A similar instruction was given in the case of C. & A. R. R. Co. v. O’Neil, 172 Ill. 527 (at page 531), in an action which charged that “ the several acts of the defendant set out as the cause of the killing were done negligently, recklessly, wantonly and willfully.”
It may be conceded as possible that proof of appellee’s declaration might also prove the case presented by this instruction, but it must then be also conceded that appellant, if such a case was charged against it in the declaration, might interpose a distinct defense; and consequently that it was entitled to notice of reliance on such an action before it should be required to answer. That the case so set out in the instruction is a separate and distinct cause of action, and foreign to-the issues, is patent; for it imputes to the acts of appellant, as alleged and proved, a form of negligence quite variant from that imputed to those acts in the declaration; and which forms of negligence are now too well differentiated, in a legal sense, to become confused in a case where only one is charged. If it was intended by the instruction to say that slight negligence is not necessarily incompatible with due and ordinary care, the form of expression is not adapted to a plain statement of that proposition, and would be misleading.
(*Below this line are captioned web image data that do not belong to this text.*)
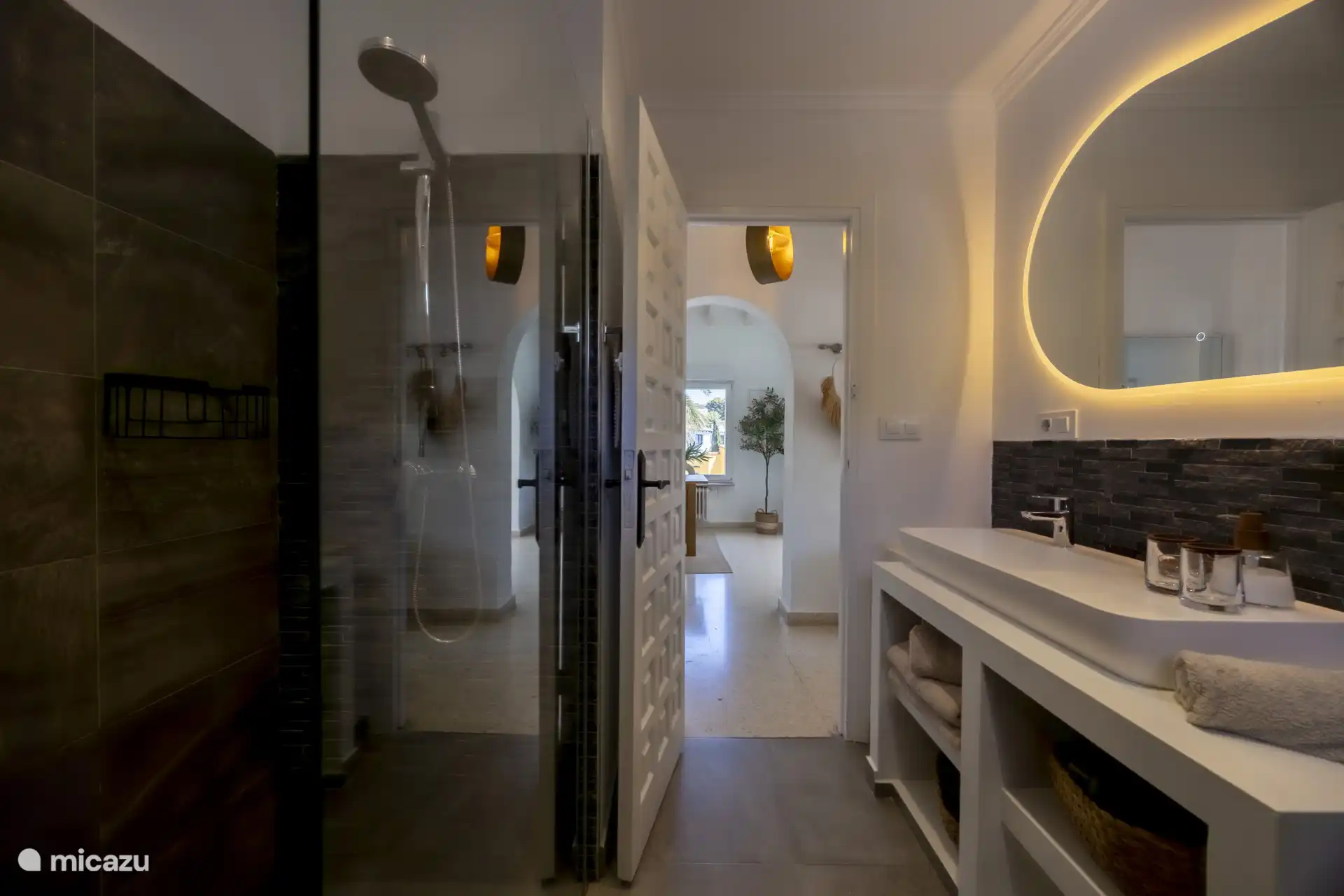 Badkamer met een douche, toilet en enkele wastafel.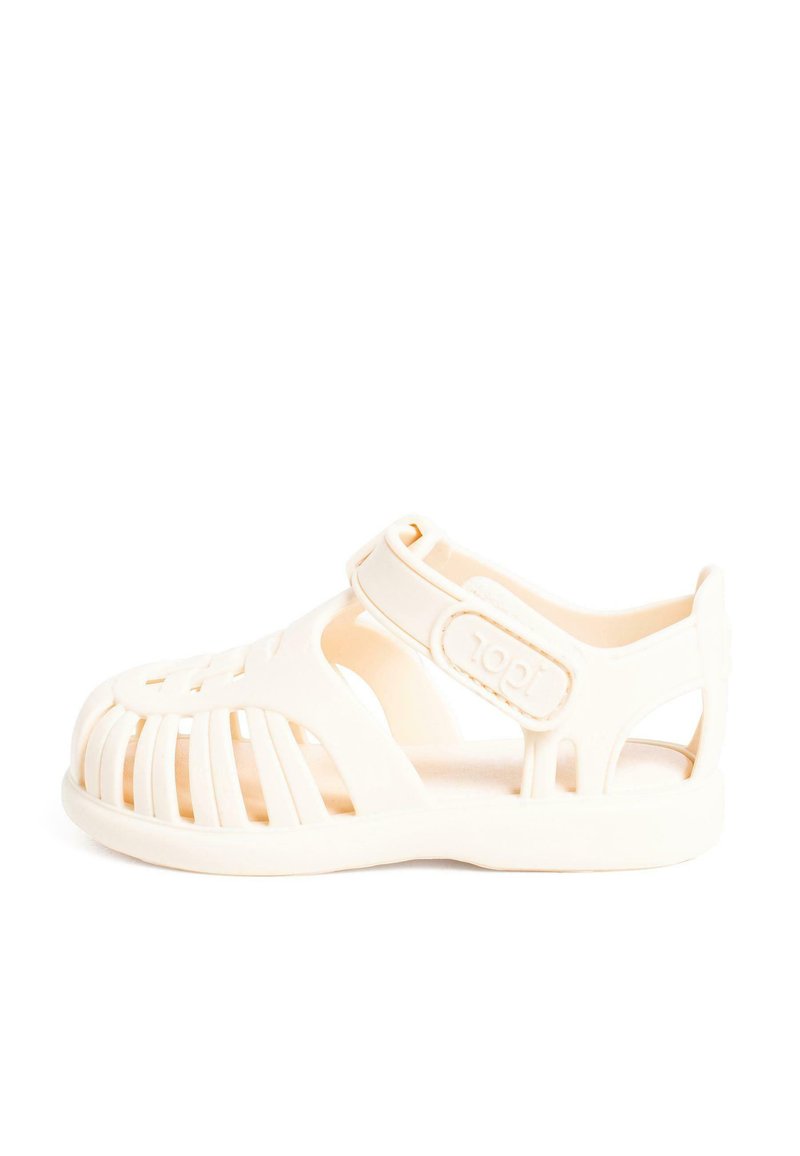 Sandal in gomma beige chiaro con punta chiusa, lati aperti e cinturino regolabile caratterizzato da un design testurizzato con ritagli.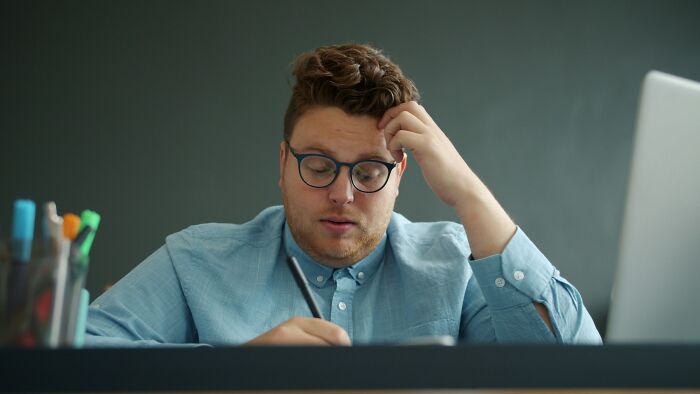 A teacher looking concerned while working at a desk, portraying the grim picture teachers have of Gen Alpha at school.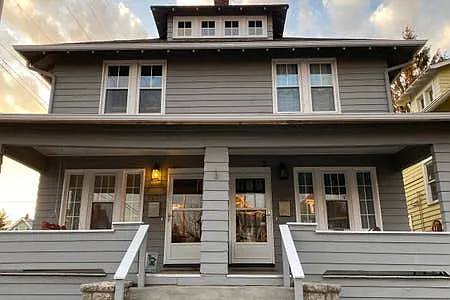 Historic neighborhood that is family-oriented. Each side of the duplex has its own covered porch.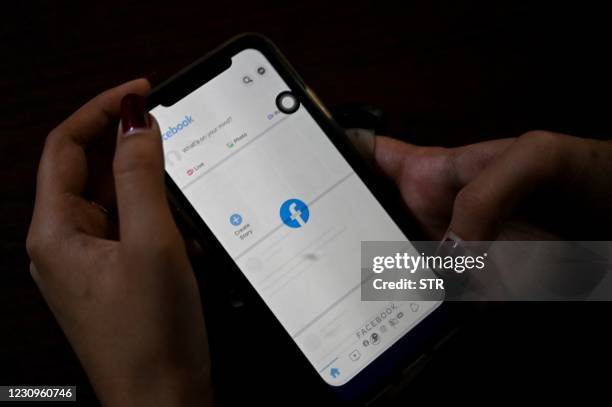 Woman uses her mobile phone to check Facebook in Yangon on February 4,2021 as Myanmar's generals ordered internet providers to restrict access to...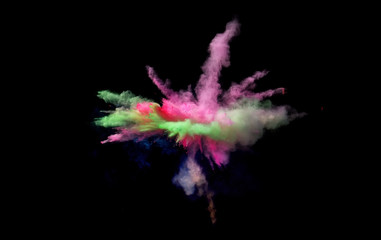 Fantastic forms of powder paint and flour combined  together explode in front of a black background to give off fantastic  color explosions in bizarre multi colored cloud forms.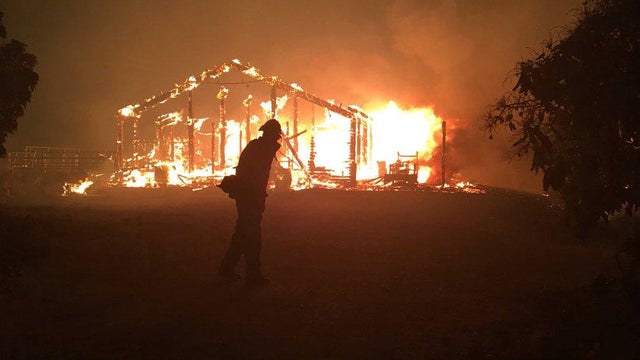 A wildfire burns a structure in Goleta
In I. C. R. R. Co. v. Sanders, 166 Ill. 270 (at page 281), the court say : “ It is a familiar rule that instructions should be predicated on the evidence in the case, and we are also of the opinion that they should be confined to the issues in the case.” And in Ebsery v. Chicago City Ry. Co., 164 Ill. 518, and cases there cited, and also C. & E. I. Ry. Co. v. Kneirim, 152 Ill. 458; it is the “expression of the court that a party must recover, if at all, on and according to the case he has made for himself in his declaration. The trend of these views as expressed is, then, that the giving of an instruction susceptible of the criticism imposed upon the one under discussion, is erroneous in the case where the evidence is conflicting and the issues sharply drawn.
So, when it is considered that the jury was aslced to apply this instruction to the facts of this case, and that they did so, the court is constrained to believe that it was misleading.
Therefore the judgment of the Circuit Court is reversed and the cause remanded.